Readers may note that little has been said about the Copycat/ Reigning Phoenix Stage in the Rave Room. That is simply because if there was a band on stage, there was an overflow crowd, and as much as we love our metal, there was simply no way to safely get in there on Saturday. I did manage to sneak a peek at Nekrogoblikon and that famous goofy outfit of theirs, but I had to do so on my tippy-toes. Back to the Eagles Ballroom we went to catch Saturday night’s closer, Black Label Society.

As an avid mega-fan of Zakk Wylde’s country-metal trio Pride & Glory, I had pretty high hopes for his solo album Book of Shadows and his following band, BLS (whose debut I bought as a Japanese import, with the Johnnie Walker cover), but despite repeated attempts to appreciate them as their notoriety grew, they just never clicked with me. That said, Zakk Wylde is still the legendary Zakk Wylde, and Black Label Society has always been a joy to see live, and they’ve been kind enough in the past to allow us rock photographers to shoot their entire sets instead of kicking us out of the pit after three songs like most bands require. I don’t know if it’s Zakk or if it’s his chemistry with his bandmates, but BLS simply has a way of connecting with an audience that doesn’t require a whole lot of interaction, and that is a fascinating thing to behold.
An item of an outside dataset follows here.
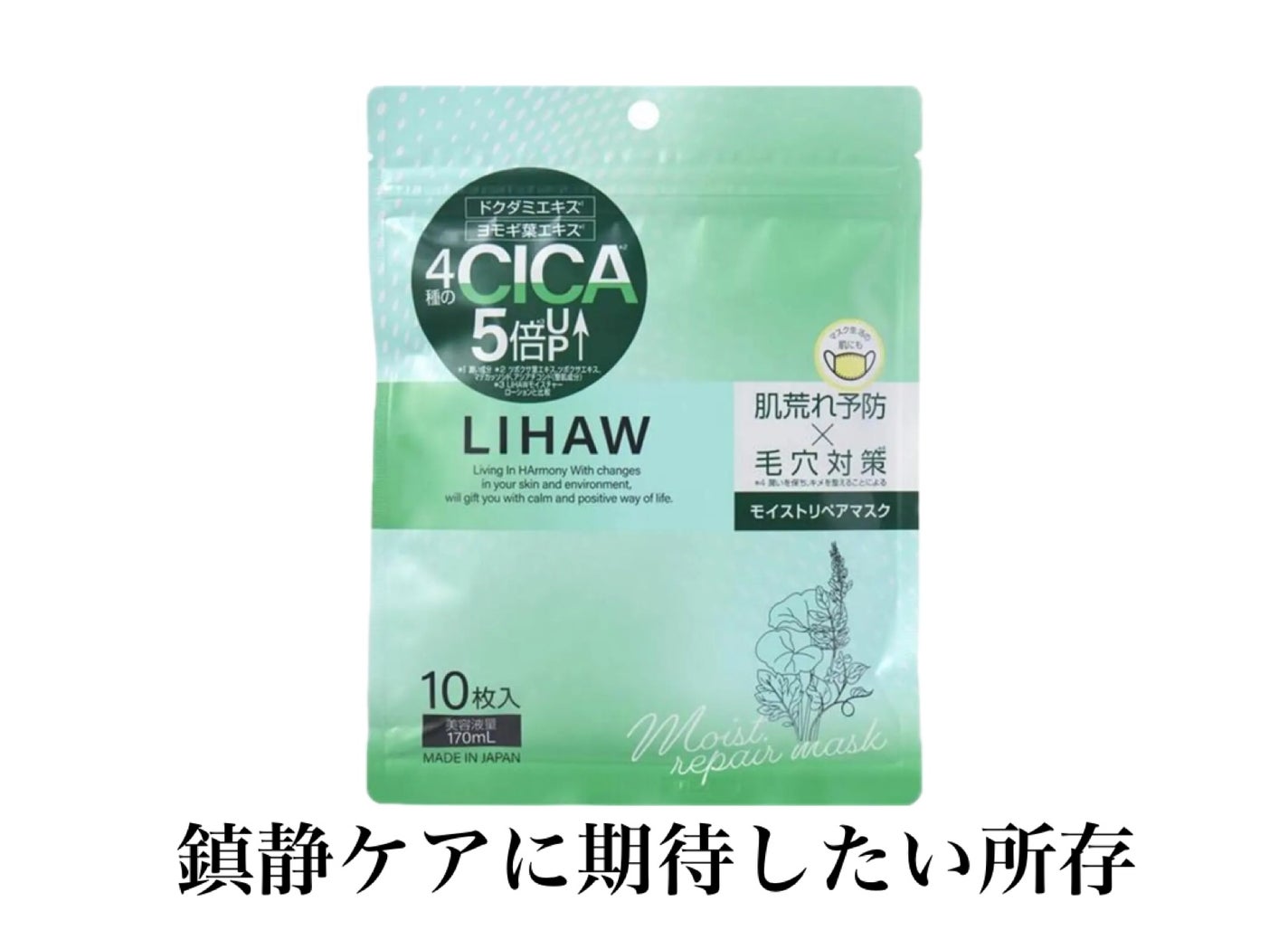 モイストリペアマスク/LIHAW/シートマスク・パックを使ったクチコミ(1枚目)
It may have to do with his current physique – since going sober, he’s become fond of allowing those muscular calves to bulge through his kilt, and of donning a sleeveless shirt for no other purpose than to show off his biceps. He’s definitely no longer the scrawny, baby-faced kid he was when he started slinging for Ozzy before he was even old enough to drink, and he’d honestly look right at home on stage with freaking Enslaved.
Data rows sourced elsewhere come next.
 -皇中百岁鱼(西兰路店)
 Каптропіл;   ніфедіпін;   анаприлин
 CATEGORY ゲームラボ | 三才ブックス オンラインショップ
Many people have criticized Zakk for soloing too much, but I find his soloing to be just mesmerizing – he’s fluid, aggressive, not too terribly showy, and he’s cut back considerably on his signature squealies. My favorite part of the set came when he was at the far stage-left corner, wailing away with his guitar behind his head during an extended solo. Without missing a note or a beat, he walked on over to down-center and joined fellow guitarist Dario Lorina – also shredding away behind his head – for an extended harmony solo, during which Jeff Fabb beat those cymbals as if they were naughty little school girls, and maybe enjoying that a bit too much for comfort. Black Label Society also displays a great amount of pride in their work, going so far as to still wear those bigass BLS rings and patches to demonstrate their dedication to their craft. Chilling, great stuff here, and a fitting way to close my first day of my first Milwaukee Metalfest.